To misquote Monty Python, “What has the EU done for us?” A lot, actually. Europe has provided decades of peace, nearly 60% of our trade, huge infrastructure investment, security, food and drink standards, trade, workplace and environmental protection and much, much more. It has fostered a more global outlook and friendship, cultural exchange and trust among member states and their people. But it is not perfect, realistically it can’t be; there is an inevitably large bureaucracy and much reform is needed, but the good outweighs the bad, and the only way it can be reformed is from within.

I fervently hope that an independent Scotland can somehow remain, sharing and contributing to the European ideal with our friends on the continent, and continuing to ship Sherry without any new English taxes.

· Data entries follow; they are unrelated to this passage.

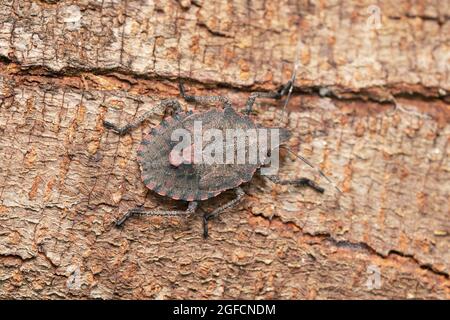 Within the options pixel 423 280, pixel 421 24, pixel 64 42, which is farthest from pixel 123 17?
pixel 423 280

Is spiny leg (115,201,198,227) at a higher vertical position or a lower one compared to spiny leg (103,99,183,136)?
lower

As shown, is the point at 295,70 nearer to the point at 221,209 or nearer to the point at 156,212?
the point at 221,209

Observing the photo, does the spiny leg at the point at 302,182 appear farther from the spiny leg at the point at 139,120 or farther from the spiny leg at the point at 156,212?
the spiny leg at the point at 139,120

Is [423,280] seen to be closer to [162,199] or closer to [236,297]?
[236,297]

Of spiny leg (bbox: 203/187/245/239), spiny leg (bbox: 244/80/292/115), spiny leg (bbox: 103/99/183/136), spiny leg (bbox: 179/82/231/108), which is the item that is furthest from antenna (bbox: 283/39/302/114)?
spiny leg (bbox: 103/99/183/136)

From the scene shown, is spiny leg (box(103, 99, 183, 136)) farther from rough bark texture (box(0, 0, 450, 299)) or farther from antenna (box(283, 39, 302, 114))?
antenna (box(283, 39, 302, 114))

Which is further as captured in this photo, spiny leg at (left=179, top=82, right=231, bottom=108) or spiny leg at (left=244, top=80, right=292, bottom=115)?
spiny leg at (left=244, top=80, right=292, bottom=115)

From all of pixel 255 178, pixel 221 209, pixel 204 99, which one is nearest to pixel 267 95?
pixel 204 99

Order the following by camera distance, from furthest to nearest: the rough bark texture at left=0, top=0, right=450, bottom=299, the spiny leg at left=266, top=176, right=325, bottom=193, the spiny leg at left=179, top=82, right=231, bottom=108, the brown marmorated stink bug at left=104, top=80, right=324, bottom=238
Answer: the spiny leg at left=266, top=176, right=325, bottom=193
the spiny leg at left=179, top=82, right=231, bottom=108
the brown marmorated stink bug at left=104, top=80, right=324, bottom=238
the rough bark texture at left=0, top=0, right=450, bottom=299
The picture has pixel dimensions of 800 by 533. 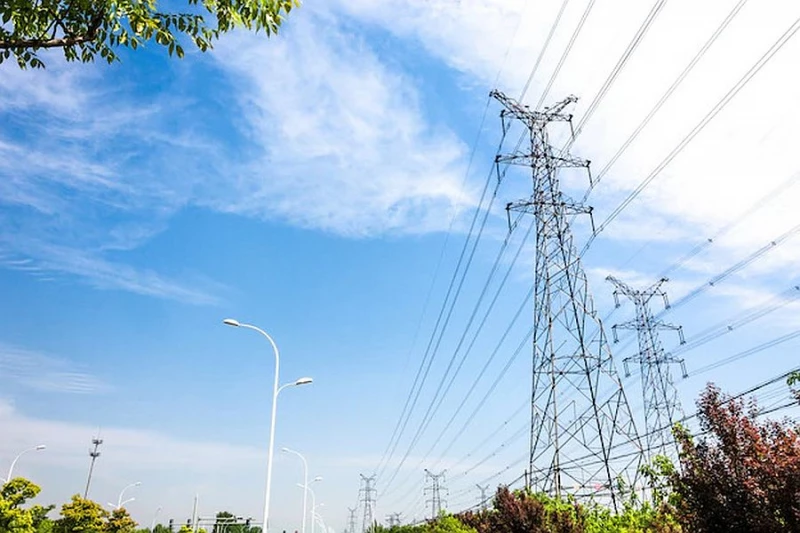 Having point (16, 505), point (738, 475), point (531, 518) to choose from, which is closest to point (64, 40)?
point (738, 475)

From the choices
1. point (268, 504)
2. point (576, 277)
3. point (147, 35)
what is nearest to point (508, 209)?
point (576, 277)

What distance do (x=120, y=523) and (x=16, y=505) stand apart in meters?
11.9

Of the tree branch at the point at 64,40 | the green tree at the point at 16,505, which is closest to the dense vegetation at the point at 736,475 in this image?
the tree branch at the point at 64,40

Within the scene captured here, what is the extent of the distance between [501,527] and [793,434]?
10708 millimetres

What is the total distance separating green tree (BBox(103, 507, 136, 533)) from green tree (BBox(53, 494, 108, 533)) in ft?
6.78

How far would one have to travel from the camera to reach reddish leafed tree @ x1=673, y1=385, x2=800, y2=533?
6434mm

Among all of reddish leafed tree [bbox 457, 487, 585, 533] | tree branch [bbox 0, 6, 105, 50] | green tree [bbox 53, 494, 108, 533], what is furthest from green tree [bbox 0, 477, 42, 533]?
tree branch [bbox 0, 6, 105, 50]

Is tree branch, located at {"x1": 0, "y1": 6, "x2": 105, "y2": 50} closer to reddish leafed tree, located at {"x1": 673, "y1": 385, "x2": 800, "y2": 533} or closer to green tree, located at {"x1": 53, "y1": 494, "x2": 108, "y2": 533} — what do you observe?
reddish leafed tree, located at {"x1": 673, "y1": 385, "x2": 800, "y2": 533}

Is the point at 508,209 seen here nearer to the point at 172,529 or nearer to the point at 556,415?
the point at 556,415

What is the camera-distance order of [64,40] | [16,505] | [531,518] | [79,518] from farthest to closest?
1. [79,518]
2. [16,505]
3. [531,518]
4. [64,40]

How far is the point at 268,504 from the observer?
19.5 m

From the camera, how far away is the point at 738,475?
7.18 metres

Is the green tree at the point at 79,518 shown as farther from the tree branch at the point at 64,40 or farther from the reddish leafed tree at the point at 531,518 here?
the tree branch at the point at 64,40

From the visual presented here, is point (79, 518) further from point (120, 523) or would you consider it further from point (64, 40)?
point (64, 40) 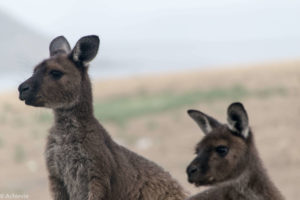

Cream Micaela 17%, Bodegas Barón

Appearance
Deeply coloured walnut brown through mahogany to amber at the rim, legs.
Nose
Attractive, fairly fruity, raisiny PX and caramel aromas followed by savoury hints of walnut and fairly old Oloroso, but overall it has a fresh, gently fruity and tangy aroma with some seriousness behind and a notable PX texture.
Palate
A nicely balanced blend,generously flavoured and not excessively sweet, and with a soft texture and good Oloroso flavour. What a Cream Sherry should be. There is just a trace of salinity betraying its sanluqueño roots, but that just adds to its freshness and vitality. Good length.
Comments
This is a very good Cream Sherry from Sanlúcar. It is aged for about five years as a blend and is part of the well-priced and well-made Micaela range from Barón. I feel Cream Sherries are overlooked because everyone wants more fashionable dry Sherry, but this is perfect for sipping slightly chilled with some torta malagueña while watching a late night film.